*WHAT THE TASK REQUIRES:*
Everything in the records must be copied exactly, apart from the pictures.
= Beginning of Section =
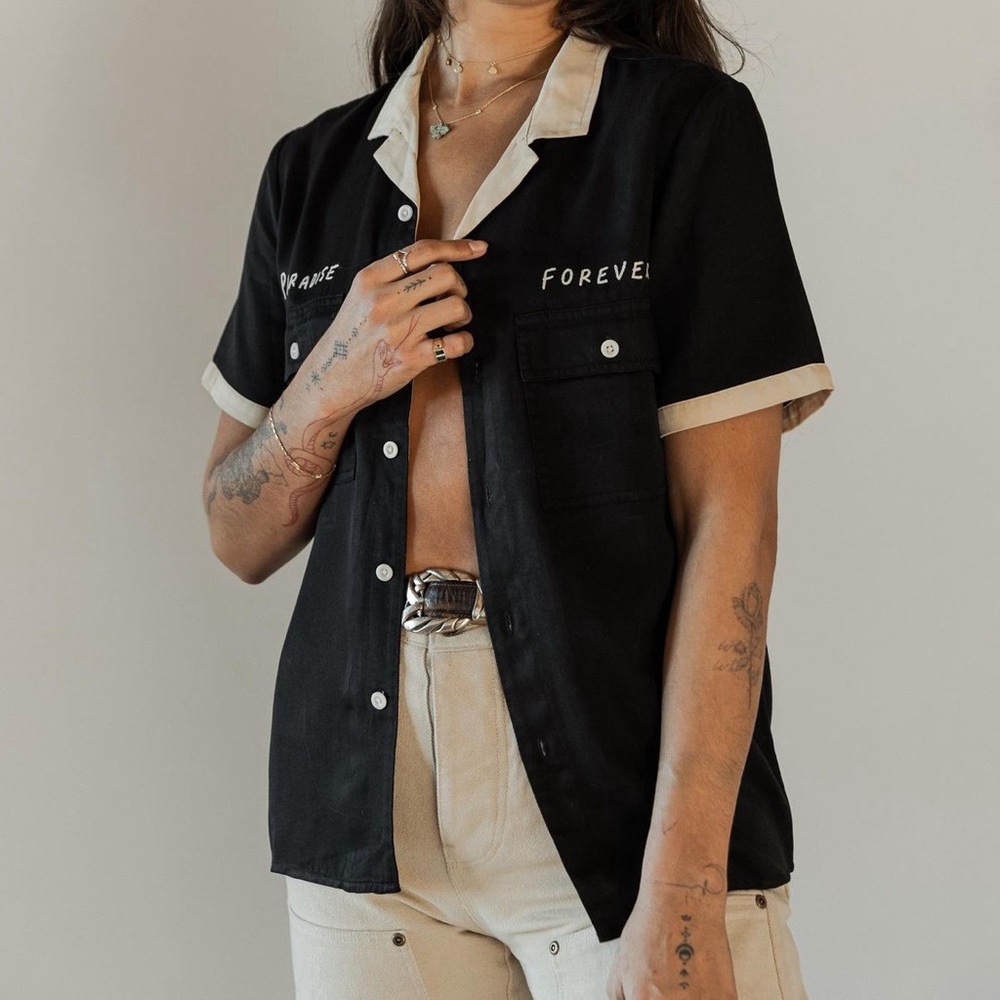 P&Co paradise forever bowling shirt (fits S-M) (embroidered)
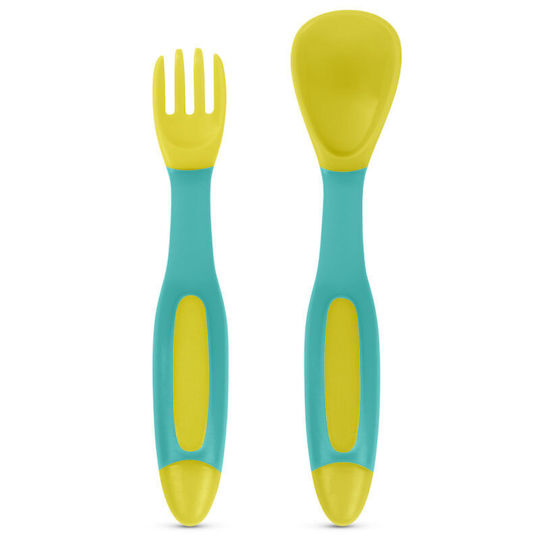 Baboo Baby Set with Fork with Temperature Indicator made of Silicone for 6+ months Yellow 2pcs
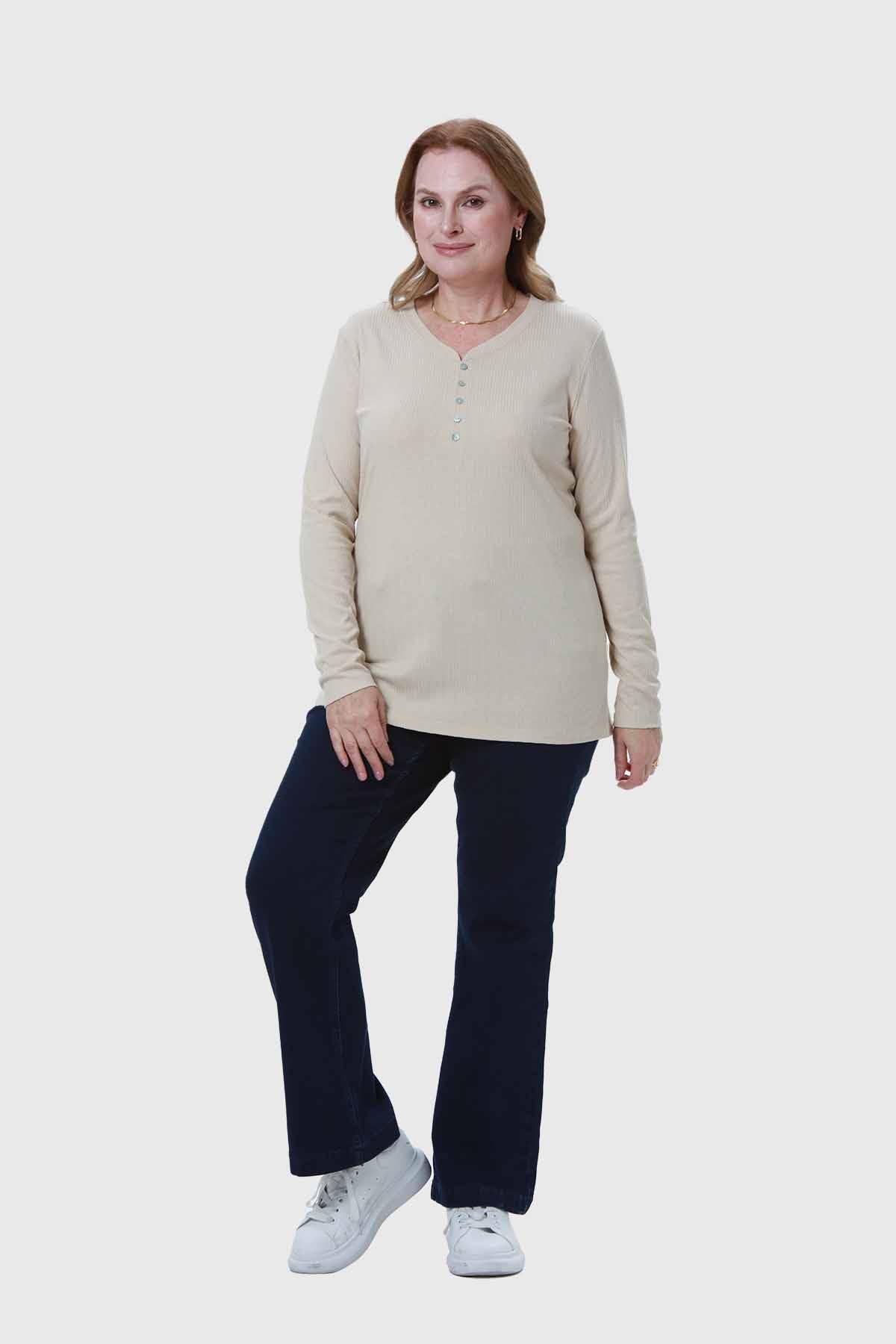 Polera Mujer Cuello V Rib Beige
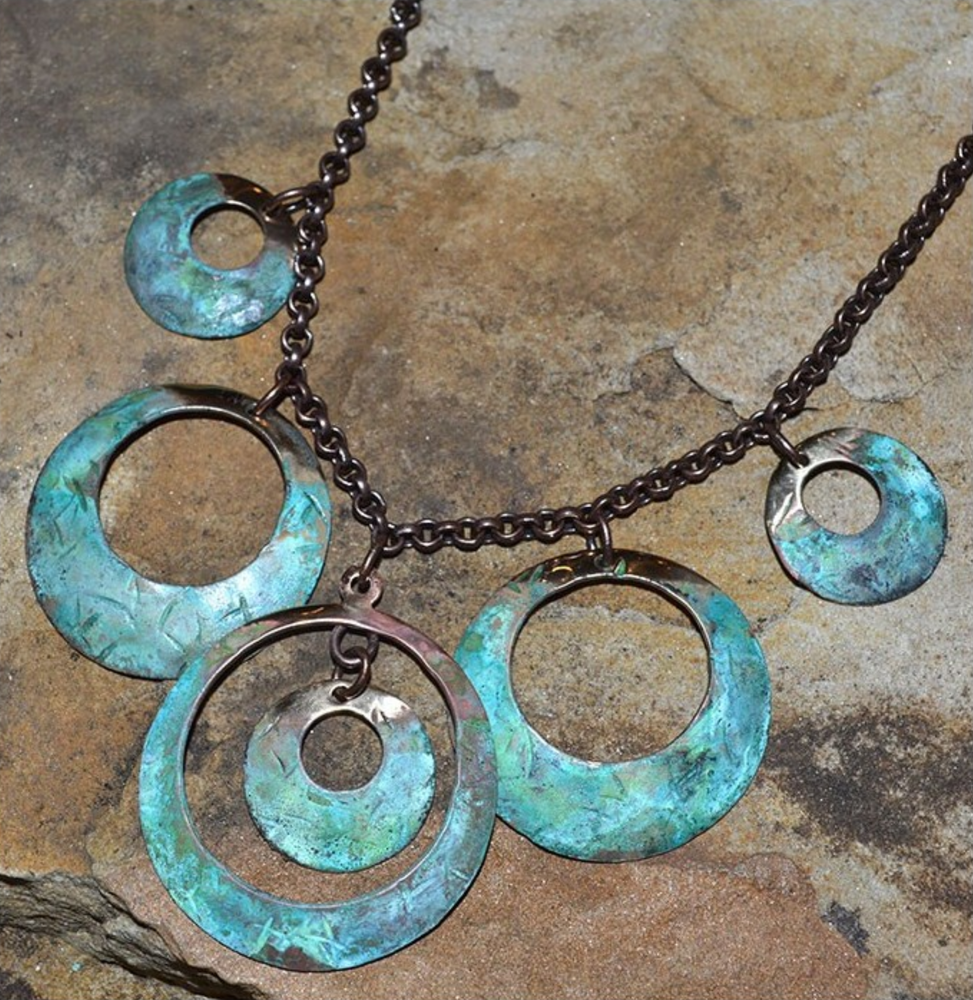 Verdigris Patina Hand Forged Brass Textured Tealeaf Geometric Circle Necklace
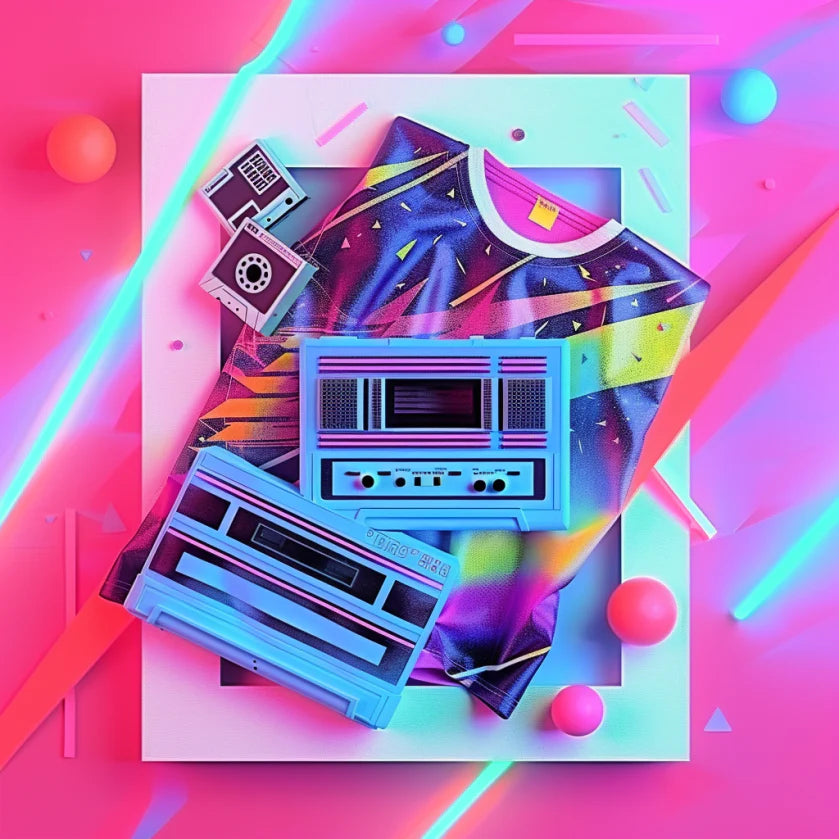 Retro 80s-style t-shirt collection graphic with vibrant neon colours, vintage patterns, and nostalgic design elements, promoting bold graphic tees inspired by the 1980s.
= End of Section =
*RESPONSE:*
 P&Co paradise forever bowling shirt (fits S-M) (embroidered)
 Baboo Baby Set with Fork with Temperature Indicator made of Silicone for 6+ months Yellow 2pcs
 Polera Mujer Cuello V Rib Beige
 Verdigris Patina Hand Forged Brass Textured Tealeaf Geometric Circle Necklace
 Retro 80s-style t-shirt collection graphic with vibrant neon colours, vintage patterns, and nostalgic design elements, promoting bold graphic tees inspired by the 1980s.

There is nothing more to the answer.